While Jews represent just 2 percent of the American population, surveys indicate that more than 90 percent of Jews who are registered to vote make it to the polls, compared to 74 percent of all Americans.

Additionally, in 2013, 70 percent of U.S. Jews were living in New York, California, Florida, New Jersey, Illinois, and Pennsylvania – states whose combined 167 electoral votes make up more than half of the 270 electoral votes a presidential candidate needs to win the election.

In 2013, the Pew Research Center’s “Portrait of Jewish Americans” survey showed that 70 percent of Jewish voters were Democrats, compared to 49 percent of the general American public. But the survey found that 57 percent of Orthodox Jews identify or lean Republican, while 36 percent identify or lean Democrat.

Other Jewish groups likely leaning Republican are what Cohen calls “ethnic Jews” – those who are more “culturally conservative,” including immigrant Russian-speaking Jews, who “see a conservative political philosophy as most opposed to the government that oppressed them for decades.”

While 21st century American Jews lean overwhelmingly Democrat, that wasn’t always the case.

“In the late 19th century, from roughly 1864 until roughly 1916, American Jews voted Republican in overwhelming numbers. We don’t have a lot of data to substantiate that…but what we do know allows us to make a judgment call,” said Dr. Steven Windmueller, a demographer from Hebrew Union College’s Zelikow School of Jewish Nonprofit Management.

Dr. Ira Sheskin, a demographer at the Sue and Leonard Miller Center for Contemporary Judaic Studies at the University of Miami, explained that “the nature of the parties does change over time” and that “back in the 1800s, Republicans and Democrats held different views than they do today.”

From 1916 onward, the Jewish vote went to the Democratic Party. By the time President George H. W. Bush ran for reelection in 1992, he received only 16 percent of the Jewish vote, Sheskin noted.

Jews continued voting predominantly Democratic through President Obama’s two campaigns.
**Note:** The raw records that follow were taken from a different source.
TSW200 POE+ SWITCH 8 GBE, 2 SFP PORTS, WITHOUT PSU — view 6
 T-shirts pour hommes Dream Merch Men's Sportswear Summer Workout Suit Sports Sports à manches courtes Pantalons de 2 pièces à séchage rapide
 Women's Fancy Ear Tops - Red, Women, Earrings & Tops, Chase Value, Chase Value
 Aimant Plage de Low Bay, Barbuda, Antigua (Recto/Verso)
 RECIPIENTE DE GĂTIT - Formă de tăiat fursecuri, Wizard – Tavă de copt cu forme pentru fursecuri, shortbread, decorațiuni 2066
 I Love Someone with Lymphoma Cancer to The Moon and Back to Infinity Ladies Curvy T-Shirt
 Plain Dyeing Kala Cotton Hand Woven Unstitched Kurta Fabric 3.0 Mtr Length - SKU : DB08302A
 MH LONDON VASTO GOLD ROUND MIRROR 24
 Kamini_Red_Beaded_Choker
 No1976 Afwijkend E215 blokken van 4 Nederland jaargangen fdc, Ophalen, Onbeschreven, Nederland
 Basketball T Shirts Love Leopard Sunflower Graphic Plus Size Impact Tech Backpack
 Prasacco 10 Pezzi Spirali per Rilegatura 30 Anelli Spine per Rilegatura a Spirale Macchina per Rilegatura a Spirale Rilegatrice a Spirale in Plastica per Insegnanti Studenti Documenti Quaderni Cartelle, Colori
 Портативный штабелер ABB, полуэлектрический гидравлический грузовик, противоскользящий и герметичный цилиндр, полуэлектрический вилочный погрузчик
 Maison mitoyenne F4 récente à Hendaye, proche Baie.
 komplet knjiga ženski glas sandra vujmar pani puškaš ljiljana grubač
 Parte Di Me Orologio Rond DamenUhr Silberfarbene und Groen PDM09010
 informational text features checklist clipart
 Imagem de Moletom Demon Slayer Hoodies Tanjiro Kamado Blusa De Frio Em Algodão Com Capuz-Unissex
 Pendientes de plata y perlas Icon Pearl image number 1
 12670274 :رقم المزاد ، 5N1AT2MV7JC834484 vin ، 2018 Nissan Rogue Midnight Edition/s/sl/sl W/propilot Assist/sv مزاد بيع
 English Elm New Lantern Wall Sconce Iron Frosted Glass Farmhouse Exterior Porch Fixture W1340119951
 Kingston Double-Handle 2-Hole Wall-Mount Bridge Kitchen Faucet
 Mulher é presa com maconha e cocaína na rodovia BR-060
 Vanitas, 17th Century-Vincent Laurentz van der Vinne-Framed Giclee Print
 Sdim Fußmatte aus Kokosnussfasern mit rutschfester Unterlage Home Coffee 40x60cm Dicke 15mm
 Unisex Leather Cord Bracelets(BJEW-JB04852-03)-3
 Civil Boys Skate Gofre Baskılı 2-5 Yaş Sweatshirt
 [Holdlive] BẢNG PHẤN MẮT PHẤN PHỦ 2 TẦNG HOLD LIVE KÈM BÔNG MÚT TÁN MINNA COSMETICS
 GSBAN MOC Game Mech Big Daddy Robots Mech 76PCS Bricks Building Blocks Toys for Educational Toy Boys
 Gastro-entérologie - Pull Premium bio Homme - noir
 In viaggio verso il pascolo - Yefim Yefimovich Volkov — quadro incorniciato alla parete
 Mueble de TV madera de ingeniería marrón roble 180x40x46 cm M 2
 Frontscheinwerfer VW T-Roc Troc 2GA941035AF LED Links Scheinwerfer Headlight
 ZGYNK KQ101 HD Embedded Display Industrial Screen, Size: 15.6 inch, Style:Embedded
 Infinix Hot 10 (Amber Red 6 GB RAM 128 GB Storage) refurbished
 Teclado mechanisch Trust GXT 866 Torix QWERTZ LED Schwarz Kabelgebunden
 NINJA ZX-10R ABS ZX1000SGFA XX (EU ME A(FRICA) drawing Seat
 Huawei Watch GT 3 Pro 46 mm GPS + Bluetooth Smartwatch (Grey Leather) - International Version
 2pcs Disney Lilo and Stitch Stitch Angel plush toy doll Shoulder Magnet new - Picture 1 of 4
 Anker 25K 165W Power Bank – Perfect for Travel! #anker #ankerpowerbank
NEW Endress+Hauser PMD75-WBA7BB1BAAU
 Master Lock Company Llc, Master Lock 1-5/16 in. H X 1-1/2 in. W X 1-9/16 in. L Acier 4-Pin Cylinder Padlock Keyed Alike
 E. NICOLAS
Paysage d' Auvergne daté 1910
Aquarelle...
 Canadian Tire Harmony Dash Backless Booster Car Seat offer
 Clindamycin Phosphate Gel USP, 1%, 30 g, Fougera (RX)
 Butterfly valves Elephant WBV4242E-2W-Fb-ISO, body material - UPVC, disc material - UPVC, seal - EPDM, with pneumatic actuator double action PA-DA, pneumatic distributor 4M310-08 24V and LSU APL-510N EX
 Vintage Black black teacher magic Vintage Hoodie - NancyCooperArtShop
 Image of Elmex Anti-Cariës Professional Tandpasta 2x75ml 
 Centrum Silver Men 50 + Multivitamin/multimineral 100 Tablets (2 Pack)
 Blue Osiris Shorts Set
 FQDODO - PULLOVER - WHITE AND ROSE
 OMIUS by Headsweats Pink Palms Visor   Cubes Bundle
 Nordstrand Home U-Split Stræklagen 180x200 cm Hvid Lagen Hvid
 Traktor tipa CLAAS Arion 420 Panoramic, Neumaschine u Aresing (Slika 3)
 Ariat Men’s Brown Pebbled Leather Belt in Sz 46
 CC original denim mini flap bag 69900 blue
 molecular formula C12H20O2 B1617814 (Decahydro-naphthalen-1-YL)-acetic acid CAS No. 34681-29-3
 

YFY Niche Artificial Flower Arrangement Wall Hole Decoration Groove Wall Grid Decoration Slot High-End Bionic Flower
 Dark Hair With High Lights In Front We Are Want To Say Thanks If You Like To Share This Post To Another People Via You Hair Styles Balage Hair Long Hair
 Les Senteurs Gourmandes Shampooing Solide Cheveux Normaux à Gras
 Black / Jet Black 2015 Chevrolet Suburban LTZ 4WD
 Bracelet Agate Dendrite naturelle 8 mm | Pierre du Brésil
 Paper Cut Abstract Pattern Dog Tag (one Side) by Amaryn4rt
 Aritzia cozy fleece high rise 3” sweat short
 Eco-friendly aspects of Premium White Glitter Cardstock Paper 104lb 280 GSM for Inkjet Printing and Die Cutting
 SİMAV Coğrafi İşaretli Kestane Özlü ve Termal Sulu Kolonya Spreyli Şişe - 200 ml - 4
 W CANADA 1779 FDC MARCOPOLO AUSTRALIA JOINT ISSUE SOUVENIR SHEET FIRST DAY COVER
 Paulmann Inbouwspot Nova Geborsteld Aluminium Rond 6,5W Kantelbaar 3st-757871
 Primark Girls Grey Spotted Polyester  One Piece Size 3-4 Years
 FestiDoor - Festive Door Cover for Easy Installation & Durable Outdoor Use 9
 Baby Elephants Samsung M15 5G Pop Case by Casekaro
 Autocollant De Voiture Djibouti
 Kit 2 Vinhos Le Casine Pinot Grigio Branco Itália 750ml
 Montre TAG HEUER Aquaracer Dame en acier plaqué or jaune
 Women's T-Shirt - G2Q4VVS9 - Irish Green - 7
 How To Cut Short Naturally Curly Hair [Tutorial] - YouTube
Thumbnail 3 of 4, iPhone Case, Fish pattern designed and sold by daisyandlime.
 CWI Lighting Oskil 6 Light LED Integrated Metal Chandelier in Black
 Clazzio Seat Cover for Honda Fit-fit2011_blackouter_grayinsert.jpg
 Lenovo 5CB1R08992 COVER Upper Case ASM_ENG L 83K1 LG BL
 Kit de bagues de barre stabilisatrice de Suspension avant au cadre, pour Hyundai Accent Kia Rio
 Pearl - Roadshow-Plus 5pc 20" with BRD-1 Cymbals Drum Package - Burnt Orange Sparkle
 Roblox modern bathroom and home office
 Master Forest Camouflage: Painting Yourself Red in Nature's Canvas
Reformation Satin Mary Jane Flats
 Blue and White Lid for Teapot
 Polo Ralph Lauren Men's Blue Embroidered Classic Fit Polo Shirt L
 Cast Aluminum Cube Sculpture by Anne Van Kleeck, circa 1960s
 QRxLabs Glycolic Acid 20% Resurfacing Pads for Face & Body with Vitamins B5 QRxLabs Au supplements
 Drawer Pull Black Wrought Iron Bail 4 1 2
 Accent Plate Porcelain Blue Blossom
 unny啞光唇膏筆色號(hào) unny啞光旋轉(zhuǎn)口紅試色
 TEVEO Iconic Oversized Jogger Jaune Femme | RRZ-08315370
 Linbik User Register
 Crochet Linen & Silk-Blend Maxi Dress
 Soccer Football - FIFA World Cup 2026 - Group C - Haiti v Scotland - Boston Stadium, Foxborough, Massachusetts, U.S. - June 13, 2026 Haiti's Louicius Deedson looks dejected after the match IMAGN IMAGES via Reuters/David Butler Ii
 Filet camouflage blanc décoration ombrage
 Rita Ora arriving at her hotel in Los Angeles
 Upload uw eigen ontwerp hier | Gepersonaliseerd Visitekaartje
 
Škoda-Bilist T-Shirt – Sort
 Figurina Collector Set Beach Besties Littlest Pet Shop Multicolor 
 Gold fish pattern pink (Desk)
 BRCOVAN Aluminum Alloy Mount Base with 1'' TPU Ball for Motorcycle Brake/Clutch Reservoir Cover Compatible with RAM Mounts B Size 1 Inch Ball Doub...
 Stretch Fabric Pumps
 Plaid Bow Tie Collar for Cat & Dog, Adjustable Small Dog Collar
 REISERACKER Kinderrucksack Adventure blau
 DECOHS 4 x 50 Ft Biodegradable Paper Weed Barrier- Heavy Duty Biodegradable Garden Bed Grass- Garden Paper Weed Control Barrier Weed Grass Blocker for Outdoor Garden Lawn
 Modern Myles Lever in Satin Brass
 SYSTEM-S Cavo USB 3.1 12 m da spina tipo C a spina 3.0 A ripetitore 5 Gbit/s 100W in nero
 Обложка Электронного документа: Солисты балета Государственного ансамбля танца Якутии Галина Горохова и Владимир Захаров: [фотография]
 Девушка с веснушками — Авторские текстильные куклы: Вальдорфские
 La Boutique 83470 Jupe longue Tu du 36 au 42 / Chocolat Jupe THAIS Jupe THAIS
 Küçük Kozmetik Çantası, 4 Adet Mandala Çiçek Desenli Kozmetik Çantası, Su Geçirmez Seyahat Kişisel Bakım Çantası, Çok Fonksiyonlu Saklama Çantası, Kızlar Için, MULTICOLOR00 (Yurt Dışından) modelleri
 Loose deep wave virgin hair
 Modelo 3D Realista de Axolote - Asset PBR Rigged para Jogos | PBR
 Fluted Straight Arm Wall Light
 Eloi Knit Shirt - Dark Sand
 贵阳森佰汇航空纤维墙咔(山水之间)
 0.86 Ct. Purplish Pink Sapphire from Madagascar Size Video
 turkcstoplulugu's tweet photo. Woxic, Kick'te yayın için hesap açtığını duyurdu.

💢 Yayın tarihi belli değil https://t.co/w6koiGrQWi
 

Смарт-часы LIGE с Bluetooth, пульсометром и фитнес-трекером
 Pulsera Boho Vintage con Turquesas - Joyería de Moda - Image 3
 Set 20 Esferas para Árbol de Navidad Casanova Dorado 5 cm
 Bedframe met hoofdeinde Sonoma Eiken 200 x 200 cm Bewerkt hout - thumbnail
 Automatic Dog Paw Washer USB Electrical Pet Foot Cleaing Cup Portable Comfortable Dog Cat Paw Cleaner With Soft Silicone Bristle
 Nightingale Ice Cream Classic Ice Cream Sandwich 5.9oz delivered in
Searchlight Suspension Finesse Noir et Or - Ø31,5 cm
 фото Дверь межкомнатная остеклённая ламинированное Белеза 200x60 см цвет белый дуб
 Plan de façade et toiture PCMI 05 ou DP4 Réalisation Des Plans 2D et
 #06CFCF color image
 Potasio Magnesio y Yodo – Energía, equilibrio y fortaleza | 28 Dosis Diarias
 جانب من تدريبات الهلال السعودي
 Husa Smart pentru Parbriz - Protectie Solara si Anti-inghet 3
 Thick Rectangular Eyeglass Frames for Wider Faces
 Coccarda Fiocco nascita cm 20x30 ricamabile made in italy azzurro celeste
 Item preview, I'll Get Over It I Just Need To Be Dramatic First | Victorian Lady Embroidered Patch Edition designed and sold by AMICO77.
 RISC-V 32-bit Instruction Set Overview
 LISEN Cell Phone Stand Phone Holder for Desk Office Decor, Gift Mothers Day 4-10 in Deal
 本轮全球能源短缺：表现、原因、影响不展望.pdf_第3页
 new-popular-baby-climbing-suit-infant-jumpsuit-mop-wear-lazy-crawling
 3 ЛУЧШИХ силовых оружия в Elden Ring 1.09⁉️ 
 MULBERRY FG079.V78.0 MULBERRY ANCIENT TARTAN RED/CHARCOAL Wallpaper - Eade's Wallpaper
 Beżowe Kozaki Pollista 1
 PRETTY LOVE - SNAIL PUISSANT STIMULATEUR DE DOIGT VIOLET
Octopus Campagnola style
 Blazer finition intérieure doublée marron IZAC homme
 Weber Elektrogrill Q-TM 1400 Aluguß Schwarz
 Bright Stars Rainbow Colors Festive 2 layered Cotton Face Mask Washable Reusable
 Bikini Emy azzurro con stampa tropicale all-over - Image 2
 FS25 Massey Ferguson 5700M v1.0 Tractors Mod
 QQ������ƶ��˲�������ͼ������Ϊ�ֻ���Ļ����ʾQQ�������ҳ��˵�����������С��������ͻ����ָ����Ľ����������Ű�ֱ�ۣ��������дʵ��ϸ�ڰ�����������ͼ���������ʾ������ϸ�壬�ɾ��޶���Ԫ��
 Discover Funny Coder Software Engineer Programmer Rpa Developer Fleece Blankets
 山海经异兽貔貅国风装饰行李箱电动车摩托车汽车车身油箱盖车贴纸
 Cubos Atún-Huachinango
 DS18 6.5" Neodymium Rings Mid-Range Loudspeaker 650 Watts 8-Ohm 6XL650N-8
But while Obama garnered anywhere from 74 to 78 percent of the Jewish vote in 2008, depending on whose data is used, his Jewish support dropped to 69 percent in the 2012 election.

“Was that a reaction to some of [Obama’s] policies? His relationship with the government of Israel, or other issues? It’s difficult to say,” Windmueller told JNS, but we think there has been some small trending over the last 15 to 20 years toward voting for more Republicans on the part of some Jews who are maybe historically voting Democratic.”

This growth in Jewish Republican votes might be attributed to younger Jews who don’t affiliate with a party and who register as independents, although only 17 percent of Jews ages 18-29 identified as Republican in Pew’s 2013 survey. America’s growing Orthodox Jewish population and single-issue voters who focus exclusively on Israel and Middle East foreign policy are additional factors that may lead to more Jews voting Republican.

Sheskin, however, cautions against reading too much into the aforementioned factors when it comes to the Jewish vote. He said the uptick in Jewish Republican voting had already started after George H.W. Bush’s 1992 campaign.